The speech delivered an account of ASIC’s developments for small businesses including changes to the external dispute resolution (EDR) framework, unfair contract terms, the Banking Code of Practice Review and illegal phoenix activity.
ASIC’s small business strategy focuses on three key elements: engage, assist, and protect. It is through these mechanisms that ASIC helps small businesses to thrive in our economy.
As part of ASIC’s strategy, it is looking to cut down on the registry process for small business to minimise the time spent dealing with ASIC instead of conducting business activities. To assist in this, ASIC is establishing a single online portal for business and company registration. ASIC is currently seeking feedback on improvements the public would like to see to business registry services.
Changes to EDR framework
The existing EDR bodies (Financial Ombudsman Service and the Credit and Investment Ombudsman) are to be gradually replaced by the Australian Financial Complaints Authority (AFCA), set to launch on 1 July 2018. AFCA will be charged with making decisions regarding the EDR process, and ASIC will oversee the body. ASIC also intends to increase monetary limits for EDR claims to assist more small businesses avoid court.

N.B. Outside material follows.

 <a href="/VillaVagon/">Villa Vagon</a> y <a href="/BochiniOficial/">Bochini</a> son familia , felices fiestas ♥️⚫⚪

Unfair contract terms and the Code of Banking Practice
There is no doubt that lenders usually hold the balance of power over small business when negotiating contracts. Lending contracts are often lengthy and time-poor small businesses often, through need for capital, accept loans without knowing the full extent of the contract. To combat this, changes to small business contracts offered by the big 4 banks have been in place since 12 November 2016. These changes include limiting the operation of indemnity clauses and restricting the ability of banks to vary contracts.
Combatting illegal phoenix activity
Illegal phoenix activity, from ASIC’s perspective, occurs where directors of a failed company deliberately deny any unsecured creditors access to the company’s assets. These creditors are usually small businesses and employees. This is of particular concern to ASIC due to the vulnerability of these parties. ASIC, as part of a government-wide approach to tackling illegal phoenix activity is undertaking surveillance projects and working with the insolvency profession to ensure small businesses and employees are protected.
ASIC’s commitment to small businesses is promising, and hopefully these changes will help to improve the small business culture in Australia.